*Given material:*
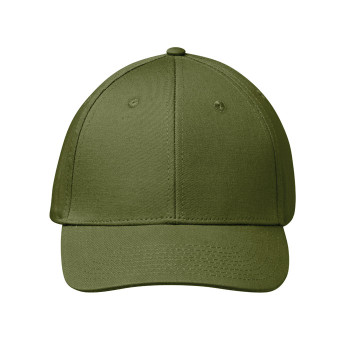 Cappellino baseball personalizzato con logo - BAHAMAS - Cappellino da baseball a 6 pann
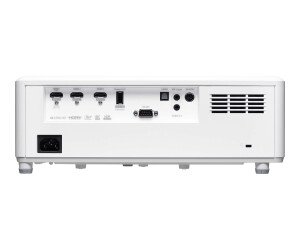 Optoma UHZ45 - DLP-Projektor - Laser - tragbar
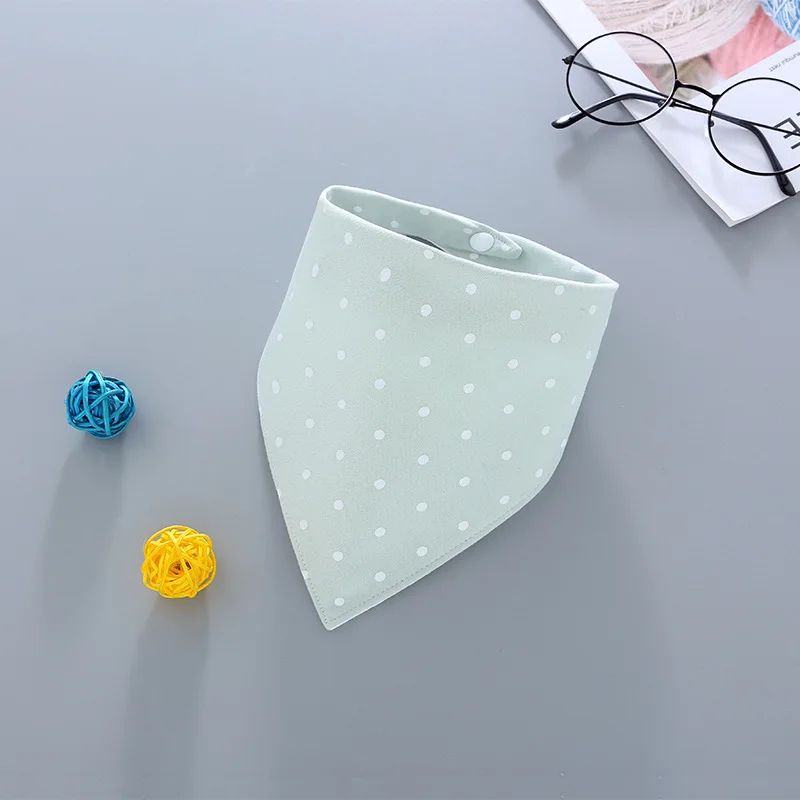 Set de paños triangulares lavados y listos para usar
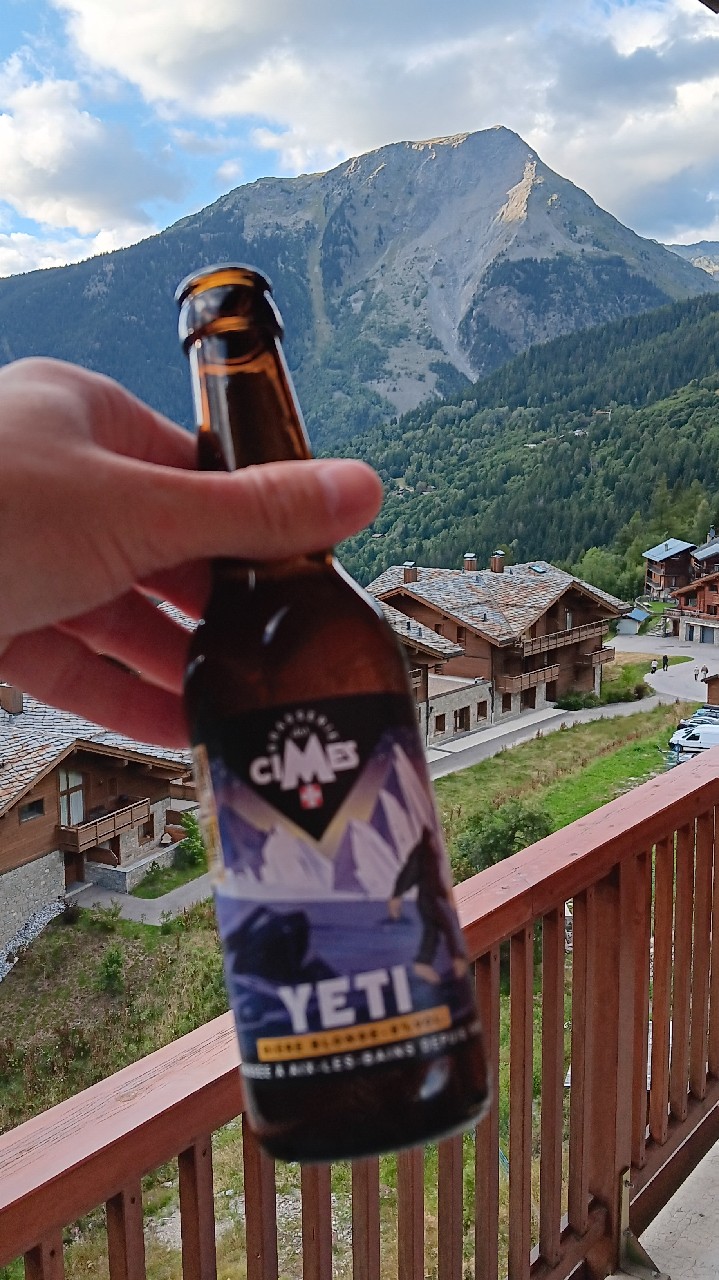 Yeti, France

*Task item:* Print the listing exactly. No pictures belong in the copy.

*Your solution:*
 Cappellino baseball personalizzato con logo - BAHAMAS - Cappellino da baseball a 6 pann
 Optoma UHZ45 - DLP-Projektor - Laser - tragbar
 Set de paños triangulares lavados y listos para usar
 Yeti, France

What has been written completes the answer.